STUDY MATERIAL
┄┄┄┄┄┄┄┄┄┄┄┄┄┄┄┄┄┄┄┄

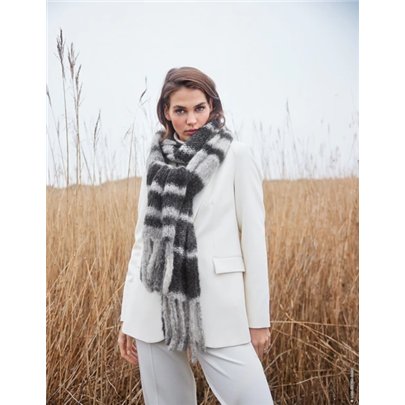 Lana Grossa Sjaal met franjes LB17M14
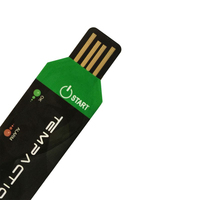 Registrador de Datos de Temperatura con Envío en 90 Días, Registrador USB, Resistente al Agua IP67, 2 Años de Duración de la Batería, para Cadena de Frío (OEM/ODM Disponible)
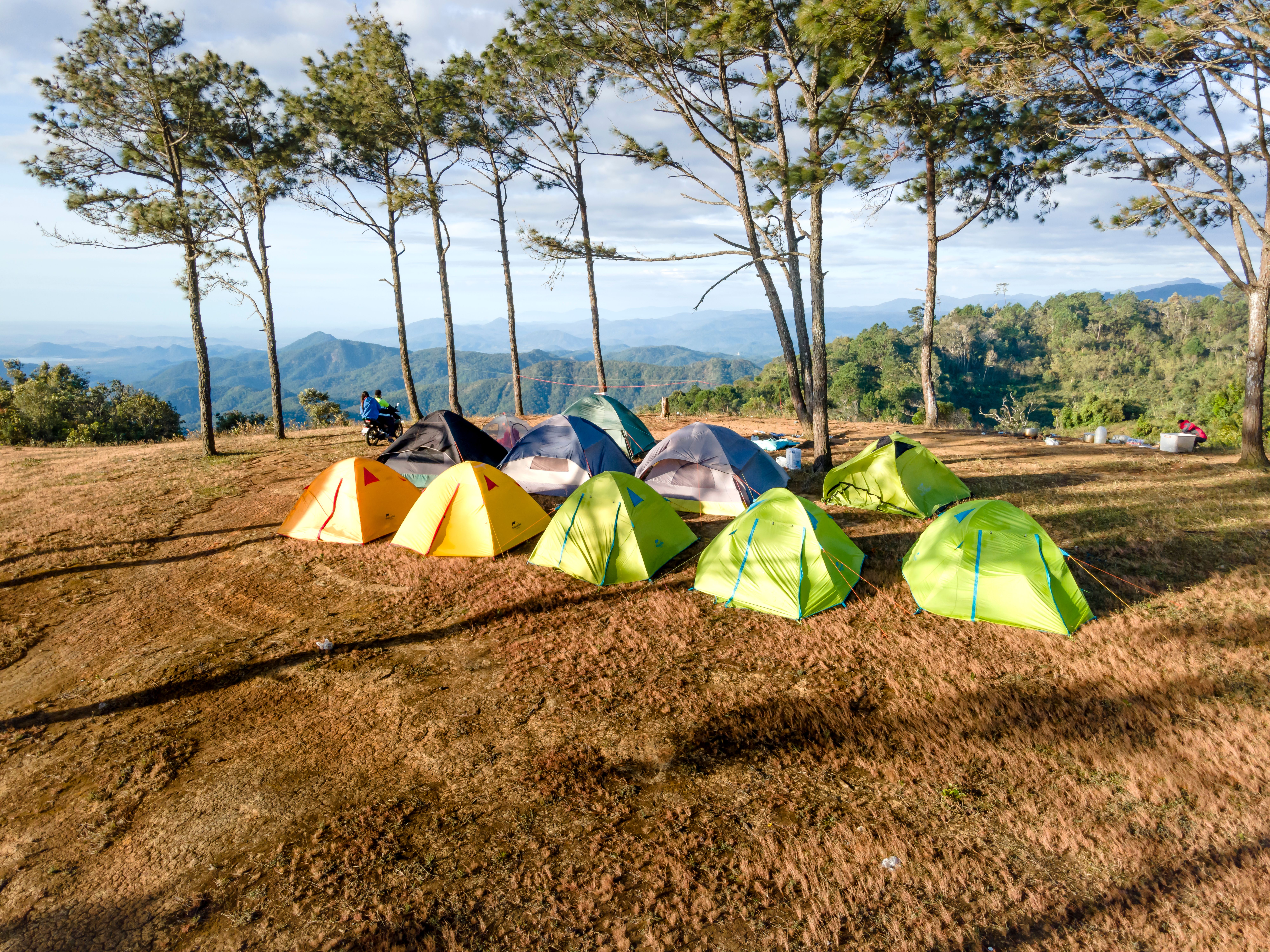 Tents on a Mountain Top · Free Stock Photo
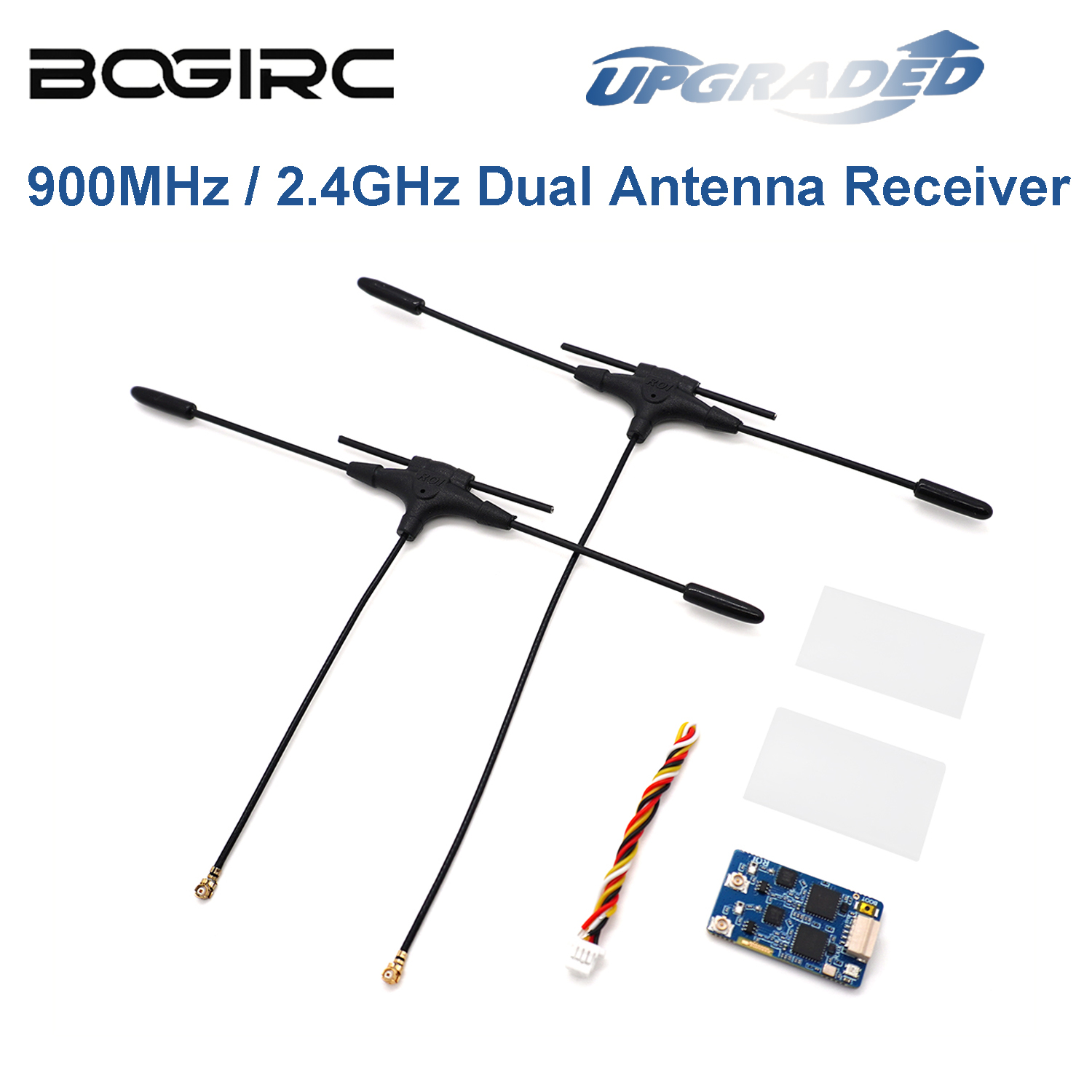 BOGIRC ExpressLRS RX Dual Ante - огляд і ціна Drone Rc Frequency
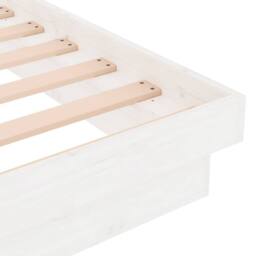 Berkfield Home Beautiful 819908 Bed Frame without Mattress White Solid Wood 140x - thumbnail 8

┄┄┄┄┄┄┄┄┄┄┄┄┄┄┄┄┄┄┄┄

WORK ORDER
Your answer must be an exact copy of the records above, with no pictures included.

RESULT
 Lana Grossa Sjaal met franjes LB17M14
 Registrador de Datos de Temperatura con Envío en 90 Días, Registrador USB, Resistente al Agua IP67, 2 Años de Duración de la Batería, para Cadena de Frío (OEM/ODM Disponible)
 Tents on a Mountain Top · Free Stock Photo
 BOGIRC ExpressLRS RX Dual Ante - огляд і ціна Drone Rc Frequency
 Berkfield Home Beautiful 819908 Bed Frame without Mattress White Solid Wood 140x - thumbnail 8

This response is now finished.